Was istn das für eine Applikation, die du da testen möchtest. Kann man die irgendwo runterladen, um sich das mal näher anzuschauen? Unter soebes.com konnte ich jetzt nix finden. Ich vermute nämlich, dass der Fehler ein Folgefehler ist, der zwar an der von dir genannten Stelle auftritt, dort aber nicht verursacht wird.


----------



## kama (29. Dez 2007)

Hallo,

zuerst mal vielen Dank für die Hilfe....



			
				Anonymous hat gesagt.:
			
		

> Was istn das für eine Applikation, die du da testen möchtest. Kann man die irgendwo runterladen, um sich das mal näher anzuschauen? Unter soebes.com konnte ich jetzt nix finden. Ich vermute nämlich, dass der Fehler ein Folgefehler ist, der zwar an der von dir genannten Stelle auftritt, dort aber nicht verursacht wird.

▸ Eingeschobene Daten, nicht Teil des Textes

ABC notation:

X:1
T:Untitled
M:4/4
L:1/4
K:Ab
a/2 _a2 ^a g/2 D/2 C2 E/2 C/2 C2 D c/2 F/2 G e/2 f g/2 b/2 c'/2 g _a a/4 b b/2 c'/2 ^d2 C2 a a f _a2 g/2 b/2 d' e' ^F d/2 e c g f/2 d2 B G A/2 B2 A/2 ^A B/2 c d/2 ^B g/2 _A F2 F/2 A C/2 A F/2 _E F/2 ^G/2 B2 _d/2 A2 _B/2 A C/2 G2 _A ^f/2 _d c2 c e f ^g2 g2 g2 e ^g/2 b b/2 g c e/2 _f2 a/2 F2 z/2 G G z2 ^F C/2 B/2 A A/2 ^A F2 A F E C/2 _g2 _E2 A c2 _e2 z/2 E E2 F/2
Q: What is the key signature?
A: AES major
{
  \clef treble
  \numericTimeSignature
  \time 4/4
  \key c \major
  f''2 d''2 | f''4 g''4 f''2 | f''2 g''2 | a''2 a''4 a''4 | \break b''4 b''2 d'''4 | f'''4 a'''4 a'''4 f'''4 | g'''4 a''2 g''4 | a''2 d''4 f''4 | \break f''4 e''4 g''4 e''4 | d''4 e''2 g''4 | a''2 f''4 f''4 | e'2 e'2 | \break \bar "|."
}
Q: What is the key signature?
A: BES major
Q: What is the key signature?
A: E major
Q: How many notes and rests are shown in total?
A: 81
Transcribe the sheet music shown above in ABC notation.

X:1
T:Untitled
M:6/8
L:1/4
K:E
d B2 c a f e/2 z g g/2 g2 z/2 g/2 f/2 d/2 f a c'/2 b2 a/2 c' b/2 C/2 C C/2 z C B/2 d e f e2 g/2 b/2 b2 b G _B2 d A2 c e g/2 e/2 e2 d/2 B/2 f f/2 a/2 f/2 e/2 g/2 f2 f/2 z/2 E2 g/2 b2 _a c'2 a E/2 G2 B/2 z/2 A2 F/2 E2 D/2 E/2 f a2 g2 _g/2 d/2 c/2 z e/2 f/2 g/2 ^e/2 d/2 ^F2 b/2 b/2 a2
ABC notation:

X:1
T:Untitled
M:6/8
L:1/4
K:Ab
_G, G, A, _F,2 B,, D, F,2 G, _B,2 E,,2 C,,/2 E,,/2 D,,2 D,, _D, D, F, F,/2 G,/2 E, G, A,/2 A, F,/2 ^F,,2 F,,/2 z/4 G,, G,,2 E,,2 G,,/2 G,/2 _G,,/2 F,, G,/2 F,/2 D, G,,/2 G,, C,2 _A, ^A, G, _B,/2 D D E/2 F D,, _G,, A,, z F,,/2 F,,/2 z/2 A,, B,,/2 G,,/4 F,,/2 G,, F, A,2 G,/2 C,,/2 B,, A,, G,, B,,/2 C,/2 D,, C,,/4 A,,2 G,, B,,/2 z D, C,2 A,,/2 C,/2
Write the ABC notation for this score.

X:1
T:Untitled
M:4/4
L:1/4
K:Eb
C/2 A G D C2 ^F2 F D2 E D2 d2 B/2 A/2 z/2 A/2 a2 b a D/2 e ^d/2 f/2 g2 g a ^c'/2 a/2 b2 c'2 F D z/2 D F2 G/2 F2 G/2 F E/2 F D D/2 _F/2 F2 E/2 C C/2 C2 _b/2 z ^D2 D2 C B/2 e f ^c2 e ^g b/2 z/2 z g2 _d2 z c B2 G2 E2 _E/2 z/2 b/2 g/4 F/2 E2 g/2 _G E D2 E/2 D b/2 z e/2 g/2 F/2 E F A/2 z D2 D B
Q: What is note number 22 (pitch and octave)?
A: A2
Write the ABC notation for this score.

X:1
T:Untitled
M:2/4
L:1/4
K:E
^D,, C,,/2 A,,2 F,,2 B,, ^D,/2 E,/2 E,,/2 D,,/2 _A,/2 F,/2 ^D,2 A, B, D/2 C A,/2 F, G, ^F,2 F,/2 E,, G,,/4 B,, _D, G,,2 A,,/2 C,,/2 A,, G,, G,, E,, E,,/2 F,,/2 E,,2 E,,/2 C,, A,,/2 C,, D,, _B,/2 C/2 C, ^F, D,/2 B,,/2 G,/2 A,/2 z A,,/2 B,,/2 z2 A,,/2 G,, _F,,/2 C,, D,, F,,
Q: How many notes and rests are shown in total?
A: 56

Die "Applikation" ist derzeit noch nicht mehr als lediglich ein Versuch im Rahmen eine JSF Anwendung einen FrontController zu realisieren, der per URL aufgerufen mit Parametern aufgerufen wird...mehr nicht....

Ich hab's das Teil mal Online gestellt...
Download:
Der WAR-File:
http://download.soebes.de/SupoSEWFE-0.1.0.0.war
Der Source-Code:
http://download.soebes.de/SupoSEWFE-0.1.0.0-src.tar.gz

MfG
Karl Heinz Marbaise


----------



## HLX (29. Dez 2007)

Möglicherweise ist JSF noch nicht korrekt initialisiert. Dafür kann es mehrere Ursachen geben.

Du verwendest MyFaces. Damit kenne ich mich leider nicht aus. Für das übliche JSF gilt, dass zur Initialisierung vor allen anderen Dingen das FacesServlet aufgerufen wird.

Überprüfe außerdem, ob alle erforderlichen Einstellungen in der web.xml vorhanden sind. Ggf. müssen Context-Parameter gesetzt werden.


----------